The code snippets below:

Main Method:
-------------
DOMParser parser = new DOMParser();
parser.parse(XMLFile);
Document doc = parser.getDocument();
NodeList list = doc.getElementsByTagName("PRODUCT");
CachedXPathAPI xPath = new CachedXPathAPI();
Node prdNode = null;

for (int index=0;index<list.getlength();index++)
{
	prdNode = list.item(index);
	processProduct(prdNode,xPath);
	...
	...	
}

ProcessProduct Method (this method uses XPath to get the relevant
information.  The product node for the current product is passed as a
parameter):
------------------------------------------------------------------------
------------------------------------------------------------------------
String prdNum =
getText(xPath.selectSingleNode(prdNode,"child::ProductNumber"));
String title = getText(xPath.selectSingleNode(prdNode,"child::Title"));
String language =
getText(xPath.selectSingleNode(prdNode,"child::Language"));
String publisher =
getText(xPath.selectSingleNode(prdNode,"child::Rights/child::Publisher")
);
...
...
...

getText Method (this method concatenates all the text node information
and returns it):
------------------------------------------------------------------------
-------------
StringBuffer text = new StringBuffer();
NodeList list = node.getChildNodes();
for (int index=0;index < list.getLength();index++)
{
	if (list.item(index).getNodeType() == Node.TEXT_NODE)
		text.append(list.item(index).getNodeValue());
}
return (text.toString());


I excuted the main method as indicated in the code snippet and observed
that the processing time increased gradually.  I then reversed the loop
in the main method to start from the last product record (14800) and
noticed that the processing time was 77 seconds.  However, it dropped
significantly after a few iterations (100 records) to about 25 seconds.
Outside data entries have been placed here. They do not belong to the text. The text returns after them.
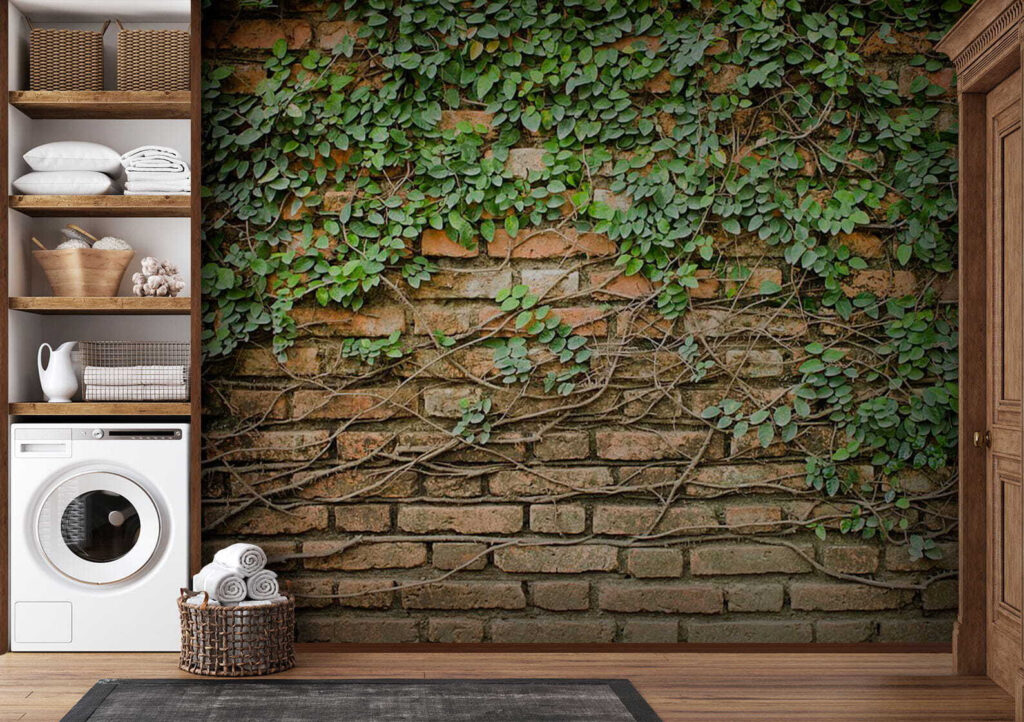 A brick wall with ivy growing on it A brick wall with ivy growing on it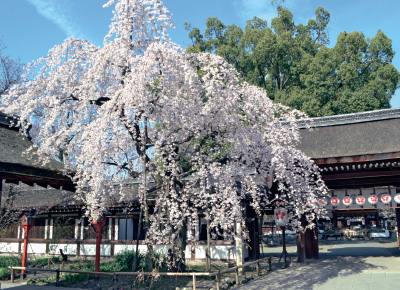 平野神社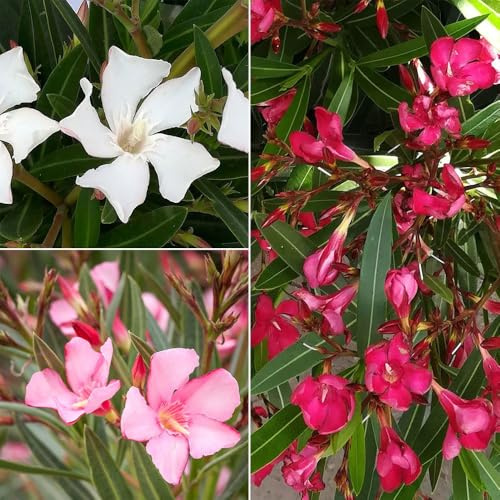Oleander 'Trio', bunt, Topf-Ø 33 cm, Höhe ca. 100cm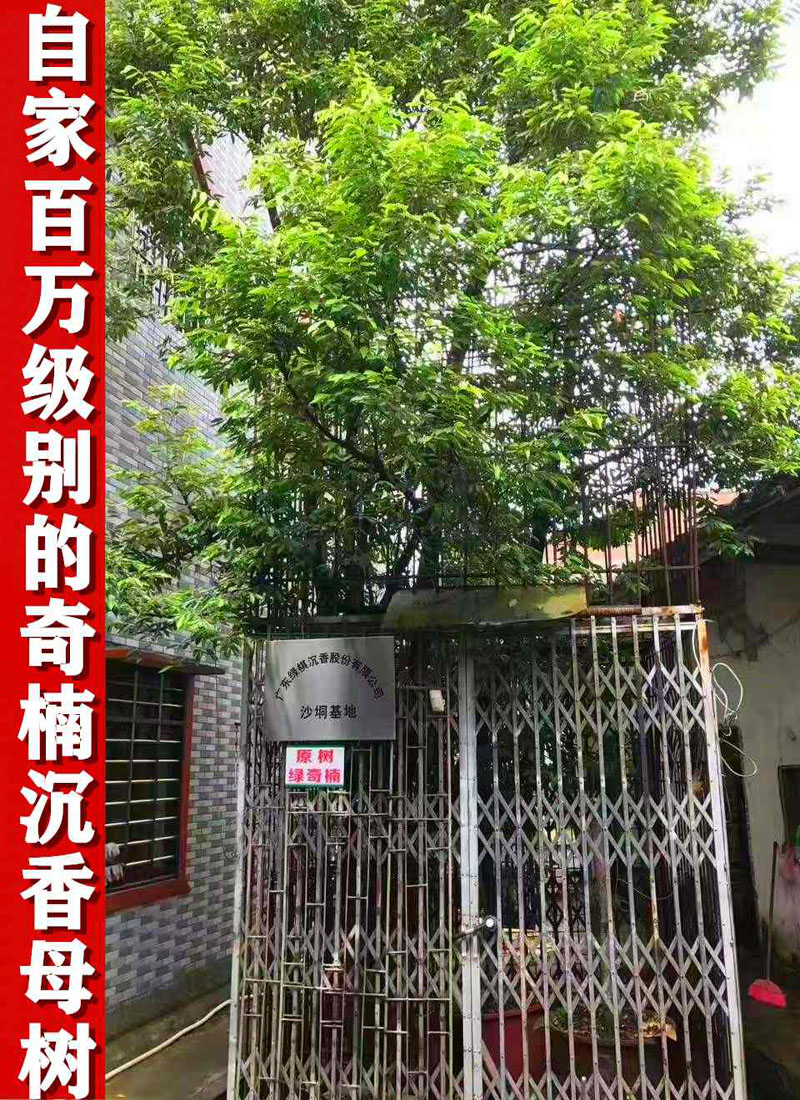 白沙黎族自治县正宗一代奇楠沉香树苗市场价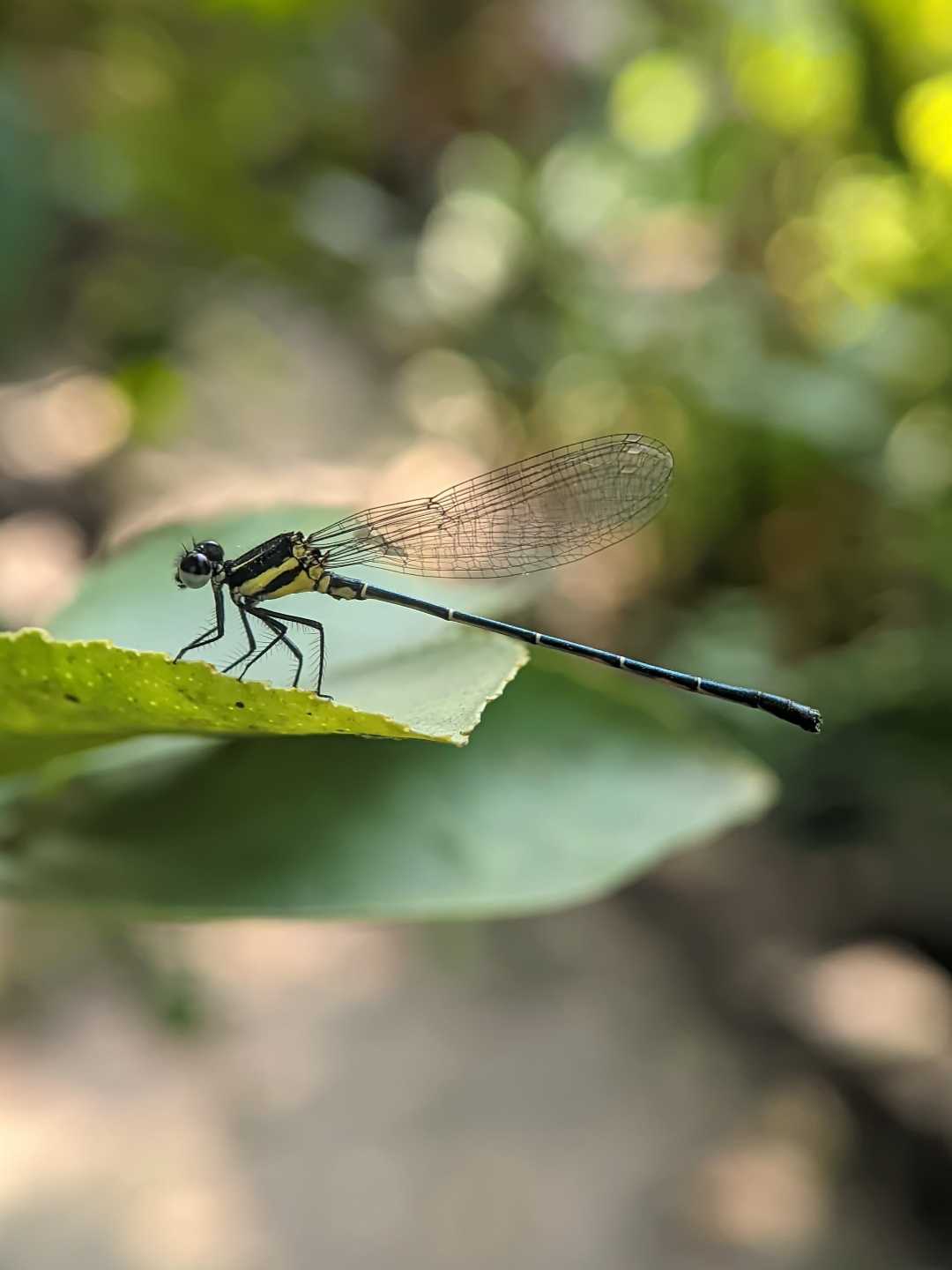 Damselfly❤️❤️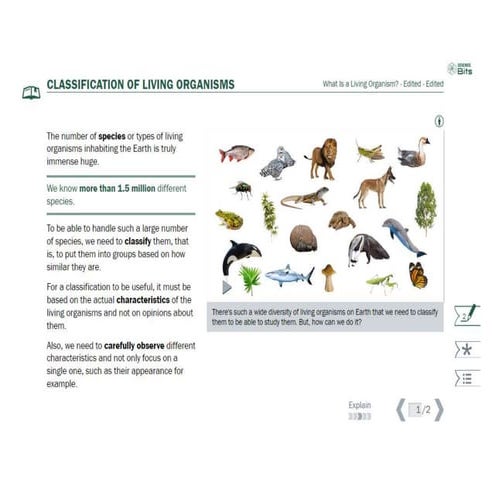 5 Kingdoms live para curso de 4 preparatoria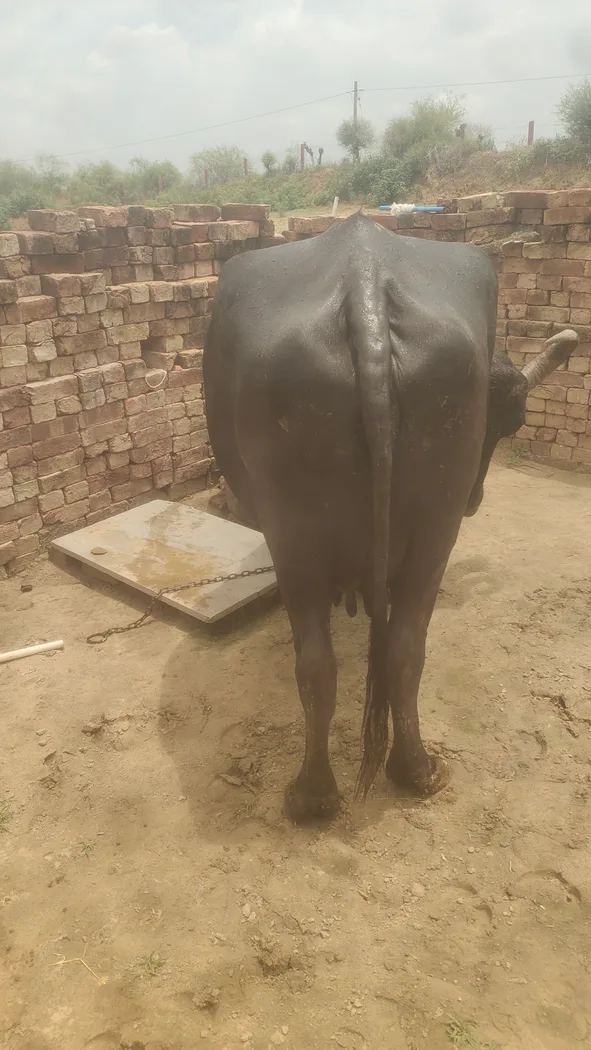Jafarabadi Buffalo in  RAJASTHAN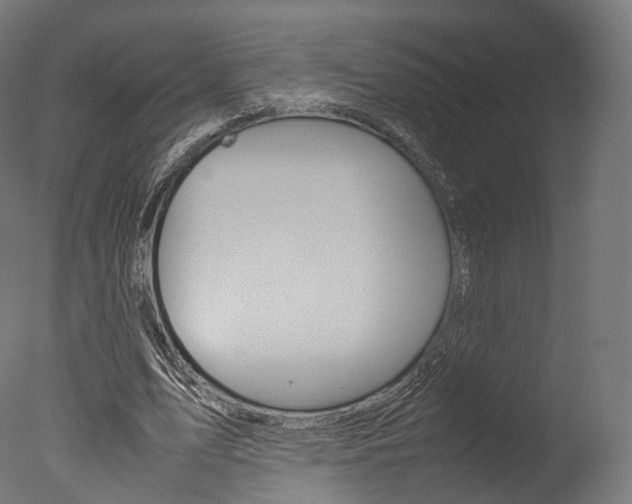 X0000077330583200610200917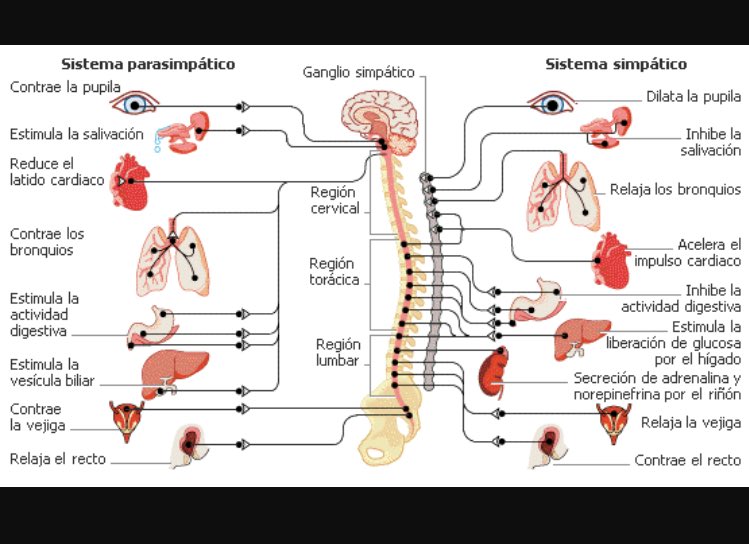 Ultimo repaso💪🏻💪🏻📚📝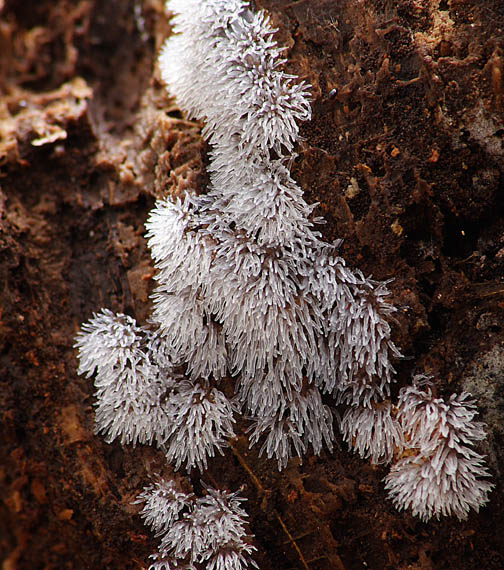 rohačka kríčkovitá / Válečkovka keříčkovitá Ceratiomyxa fruticulosa var. fruticulosa (O.F. Müll.) T. Macbr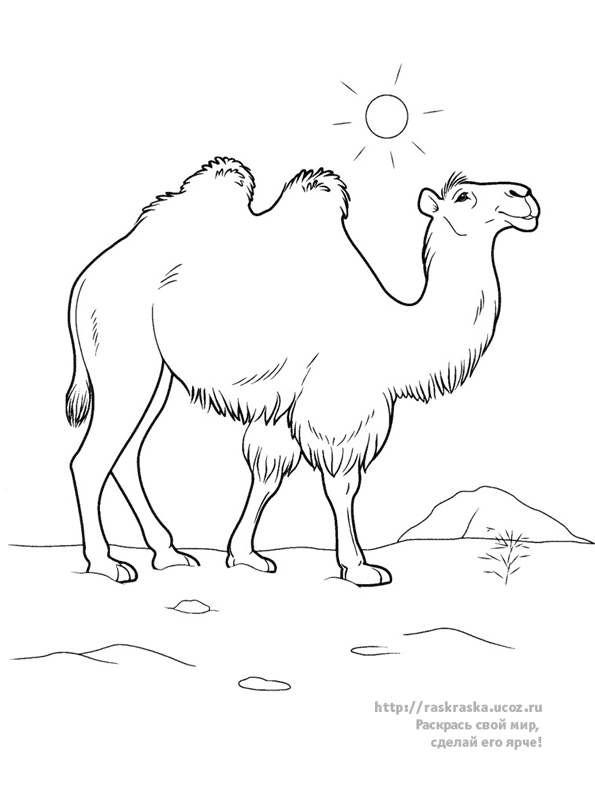 Página para colorir: Camelo (animais) #1686 - Páginas para Colorir Imprimíveis Gratuitamente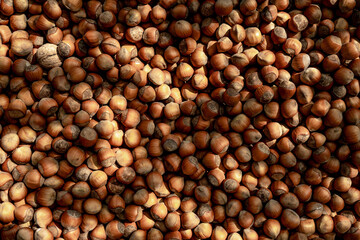 Photo of a hazelnut. Hazelnut background. Texture of nuts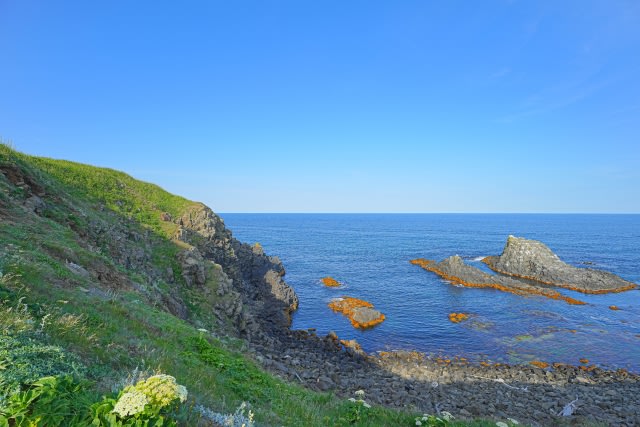 海に散骨するための準備や手順について解説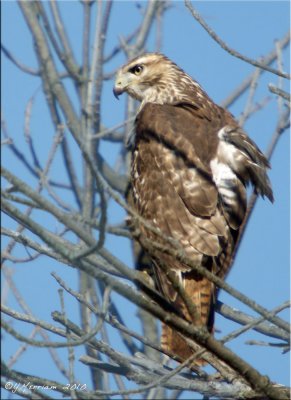 Perched Red-Tail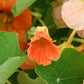 Tip Top Alaska Salmon Nasturtium Seeds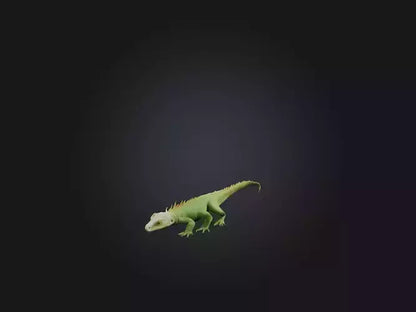3D model Realistic Lizard Model VR / AR / low-poly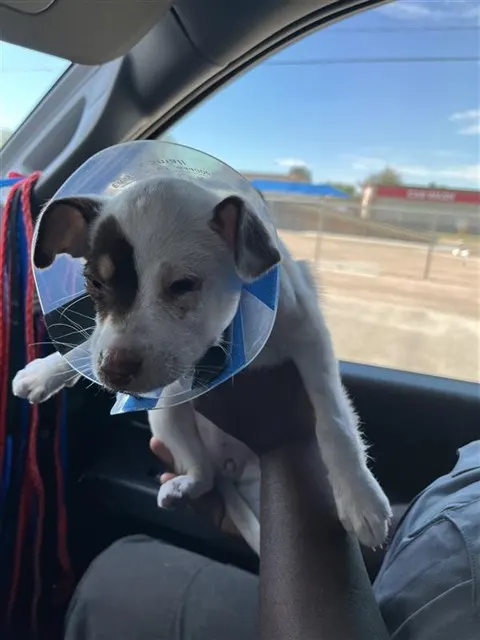 Adoptable Dog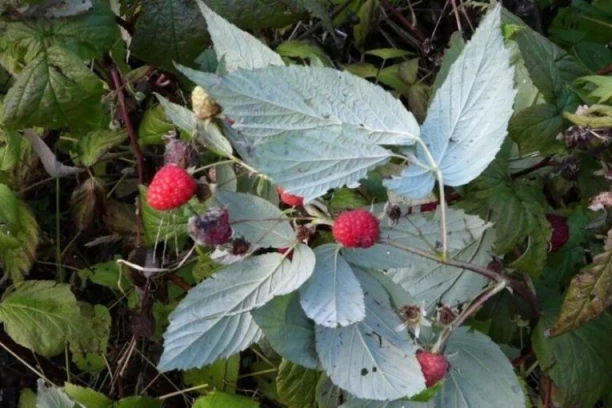 KRENULA SEZONA OVIH POSLOVA! Dnevnice idu i do 50 evra, mladi izbegavaju da ih rade, a ovo je razlog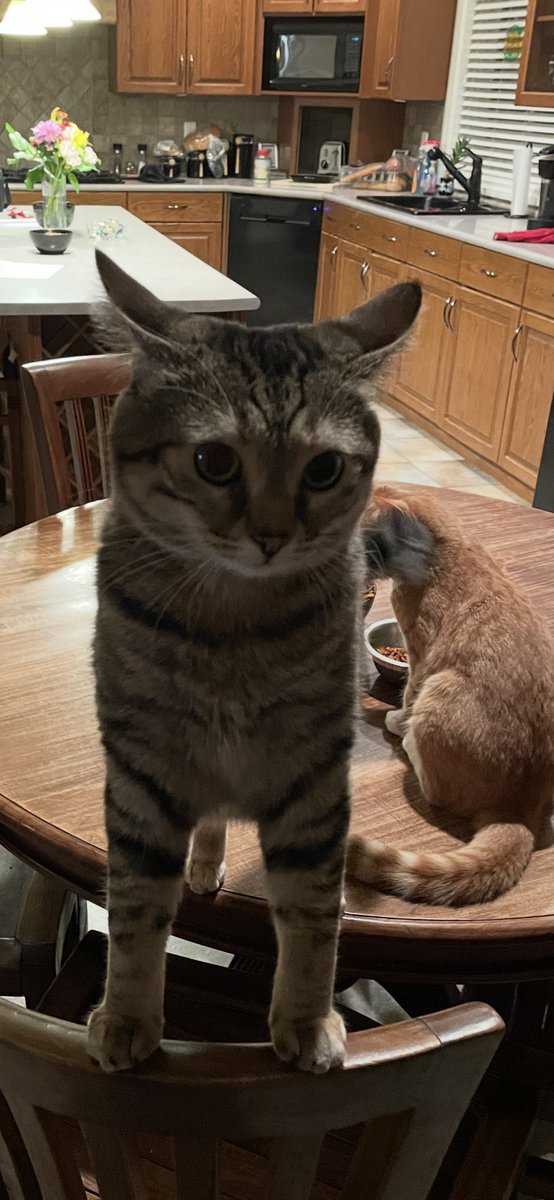 trraack's tweet photo. @ShouldHaveCat Victor and Clementine 🐈 🐈‍⬛ 🐈‍⬛ https://t.co/mAlaPhlOqT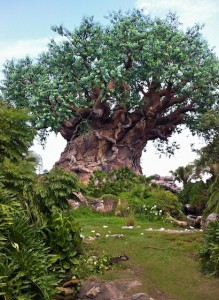 animalkingdom-lifetree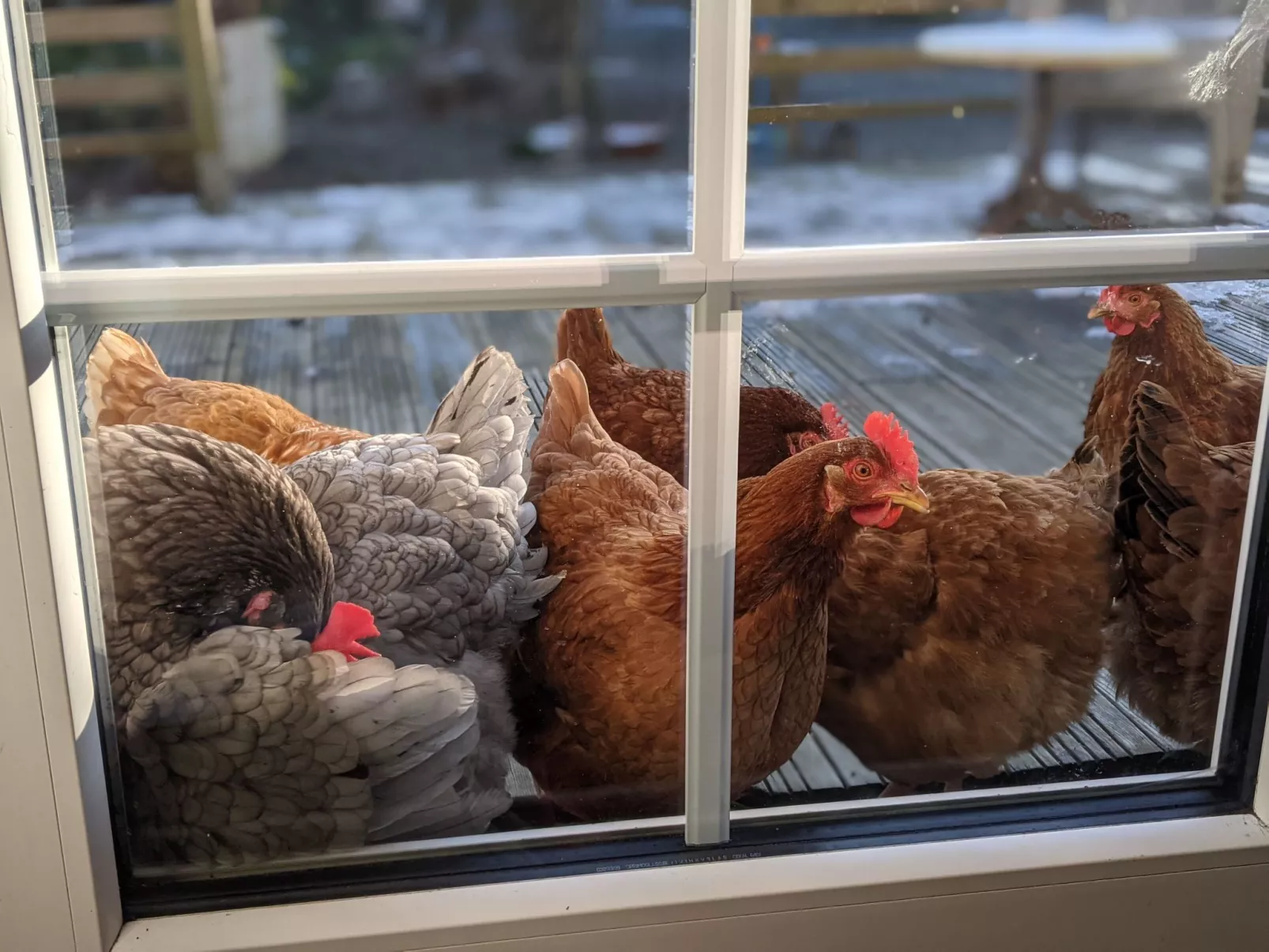 Estate "Le Pressoir" (Die Kelterei)-Buiten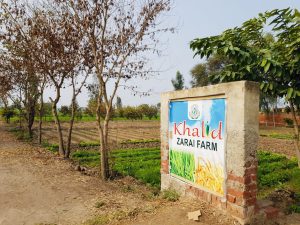 d3c7683e-c1a0-4cd6-a8b6-d65d1f60c207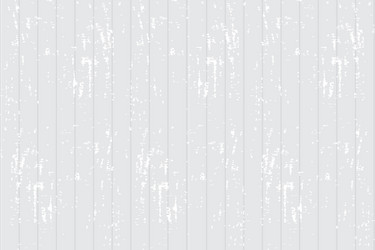 graphic created white wood texture hand vector image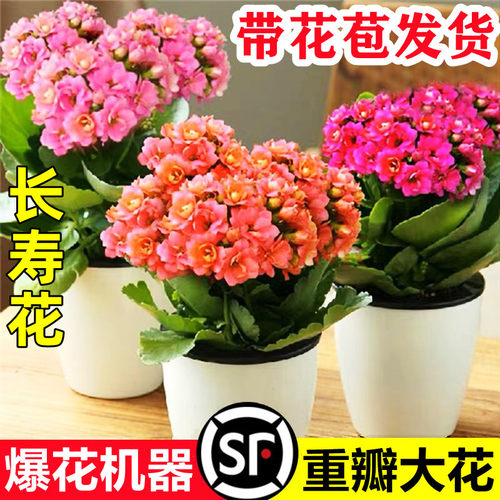 长寿花盆栽重瓣金狐狸大带苞苗四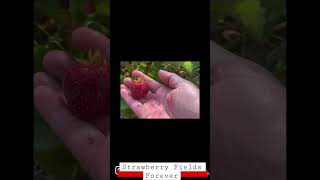 Strawberry Fields Forever #strawberrypicking #strawberries #strawberryfields #foodshorts Manitoba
What I do not understand is the reason for this increase in processing
time.  I have compared the XML records to confirm that there is nothing
wrong with the data.  The structure and content for all 14800 records is
the same.  Am I doing something wrong?  Is there an issue with using
XPath for large DOMs?  Is there a XPath bug?  I am passing the product
node in the DOM to be traversed and I would think that the XPath lookup
should be the same for product #14000 as it is for product #1.  However,
the pattern suggests that there is some kind of processing overhead when
using XPath and going deeper in the DOM to retrieve data. 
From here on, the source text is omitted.